Rolę takiej Świntusi chciałaby odegrać i Klaudia Jachira, i Anja Rubik, bo według nich kobiety w dzisiejszej Polsce są takimi kobietonami, a kto jest Gyubalem Wahazarem, to chyba wszyscy wiedzą. Pierwsza, szarpiąc się na demonstracjach strajku kobiet z policjantami, druga oferując swoje ciało na ołtarzu tej walki, czyli okładce luksusowego tygodnika, pokazując niczym nie przysłoniętą minimalistyczną formę kobiecości (maksymalistyczną pokazywał Rubens).
Klaudia Jachira chciałaby zapewne, by były także parytety w dostępie do sejmowej mównicy i mediów, bo los parlamentarzysty, który jest częścią anonimowej masy tych, którzy w obu izbach parlamentu głównie podnoszą rękę i naciskają guzik do głosowania nie jest do pozazdroszczenia. Anonimowość zabija polityka i znacznie obniża jego szanse nie tyle na karierę - bo przykłady Pań i Panów NIKT, którzy nagle wystrzeliwali niczym rakieta z przylądka Canaveral i robili oszałamiającą karierę, nie były i nie są czymś wyjątkowym – ale na wychodzenie dobrego miejsca na liście wyborczej i zyskania rozpoznawalności u wyborców.
Stara się więc biedna Klaudia Jachira jak może, ostatnio plagiatując swoją klubową koleżankę, Agnieszkę Pomaskę, która cztery lata temu podarła na sejmowej mównicy projekt uchwały w sprawie suwerenności Polski. Co tam dla Jachiry projekt uchwały – ona postanowiła podrzeć Konstytucję i ten bohaterski czyn znacznie przewyższa nawet odwagę Nergala, który też podarł publicznie, ale „tylko” Biblię.
Gdybym chciała traktować z powagą postać posłanki Jachiry, rozdarłabym szaty nad tym wyczynem. Przypomniała niedawne demonstracje w obronie Konstytucji. Zacytowała poselskie ślubowanie, które w tejże Konstytucji jest zapisane, a które w dniu inauguracji posiedzenia Sejmu posłanka Jachira składała, przyrzekając uroczyście „przestrzegać porządku prawnego Rzeczypospolitej Polskiej.” Roniłabym łzy i załamywała ręce, że matka wszystkich praw w naszym państwie, ustawa zasadnicza, doznała takiego zbezczeszczenia na oczach nie tylko obecnych na sali posłów czy też śledzących obrady widzów, ale także w obecności prowadzącej posiedzenie Małgorzaty Kidawa- Błońskiej, prawnuczce premierów i prezydentów II Rzeczypospolitej, byłej kandydatce Koalicji Obywatelskiej na prezydenta Polski, czyli strażnika Konstytucji.

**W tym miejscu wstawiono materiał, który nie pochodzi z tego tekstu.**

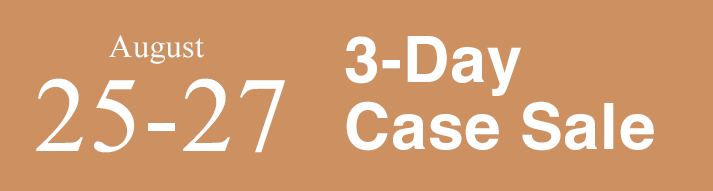 3-Day Case Sale: 12 Wines for $150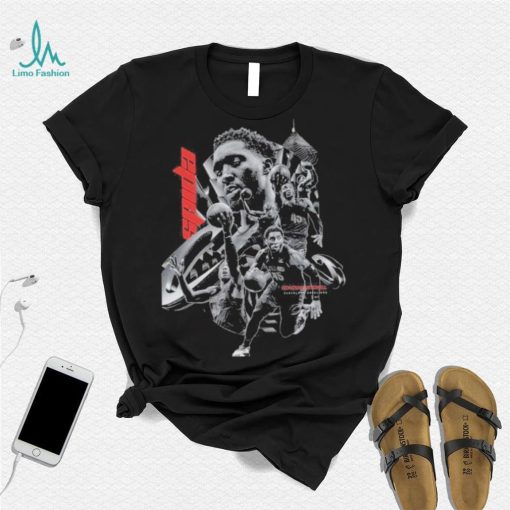Donovan Mitchell Cleveland Cavaliers 2023 Shirt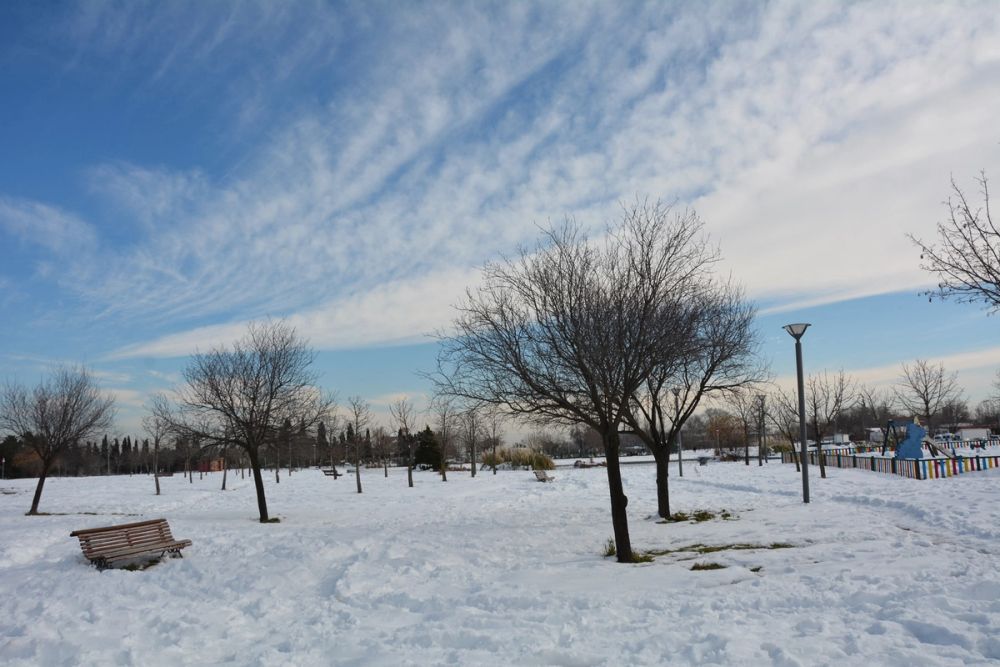Leganes Nevado 2021 Dia 3
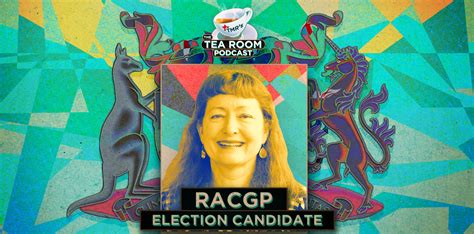 Meet The Racgp Candidates Dr Charlotte Hespe • The Medical Republic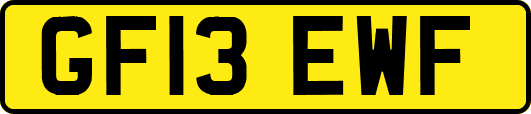 GF13EWF
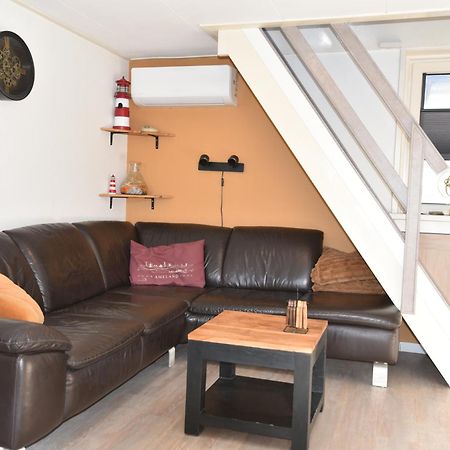 Appartement Tjerk Hollum  Bagian luar foto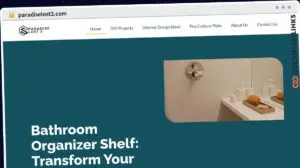 Publish Guest Post on paradiselost3.com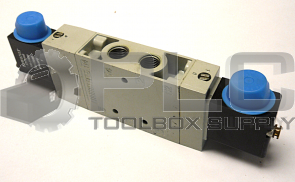 NEW NUMATICS L22BB452O000030 SOL VALVE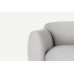 Sphere Swivel Armchair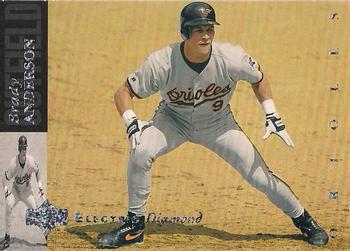 Brady Anderson
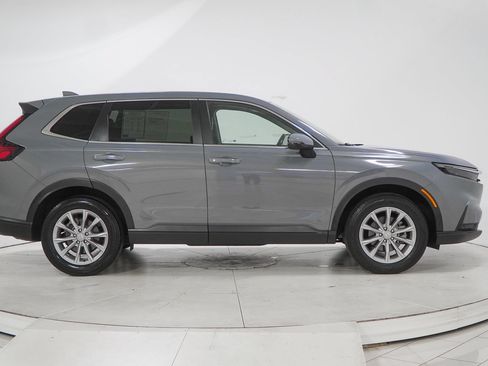 Used 2025 Honda CR-V EX-L image 13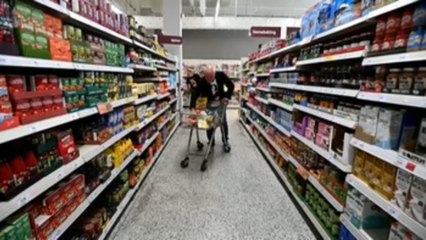 El IPC del Reino Unido sube al 10,1 %, el nivel más alto en más de 40 años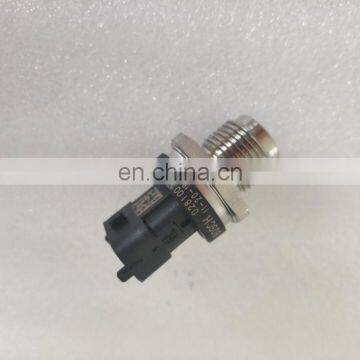 common rail pressure sensor fuel rail pressure sensor 0281002937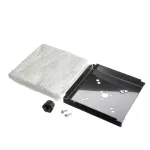 Groen 152864 MOTOR SEAL PLATE ASSY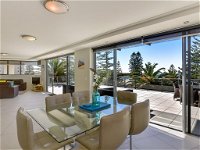 Coast Luxury Apartments 17 - Timeshare Accommodation
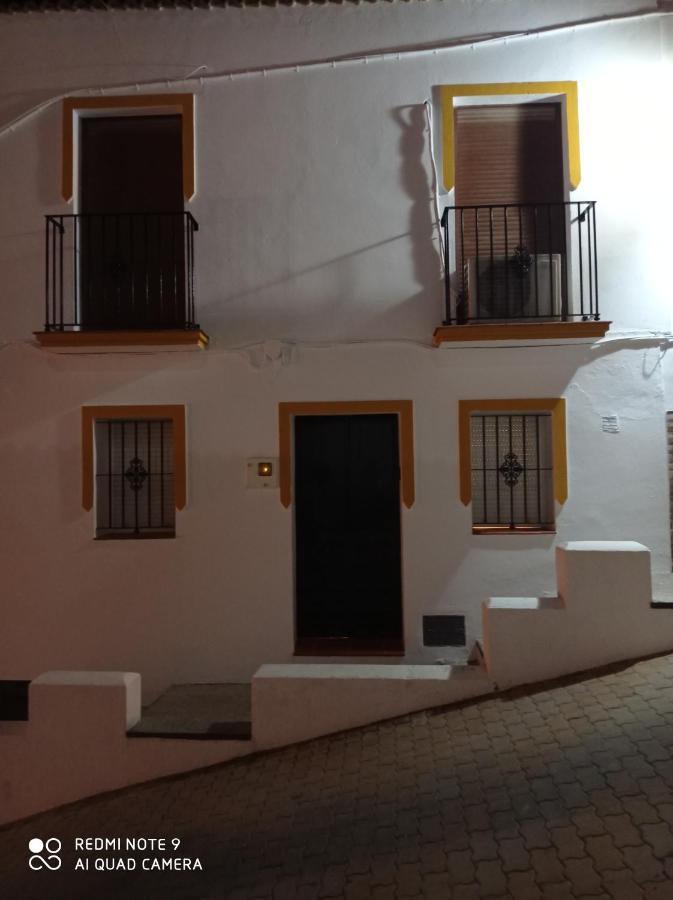 Casa Carrasco Villa Algar  Exterior photo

Oburzyłabym się, że wicemarszałek Kidawa-Błońska nie wyrzuciła Jachiry z obrad i nie wniosła o jej ukaranie, tylko uznała, że posłanka „wyrażała swoje poglądy”.

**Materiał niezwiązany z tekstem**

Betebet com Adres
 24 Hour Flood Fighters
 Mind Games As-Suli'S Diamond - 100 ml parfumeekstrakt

A może popełniam błąd, nie traktując poważnie Klaudii Jachiry i podobnych jej „polityczek”, których zachowanie pradziadkowie wicemarszałek Kidawy-Błońskiej uznaliby za niegodne nawet plebsu, że o tak zwanym marginesie nawet nie wspomnę? Może dożyję takich czasów, kiedy Jachira ponownie, a Lempart, Suchanow, Margot i Bart Staszewski po raz pierwszy zasiądą w polskim parlamencie? I jeśli będą w opozycji (czego szczerze im życzę) to może kolejnym krokiem będzie rozebranie się któregoś z nich na sejmowej mównicy, a prowadząca obrady wicemarszałek z ich frakcji przymknie oko, bowiem tylko w stosunku do znienawidzonych konserwatywnych posłów będzie używała swoich uprawnień, krzycząc do nich „wypier…j i wykluczając z obrad, jeśli w ich wystąpieniu coś jej się nie spodoba?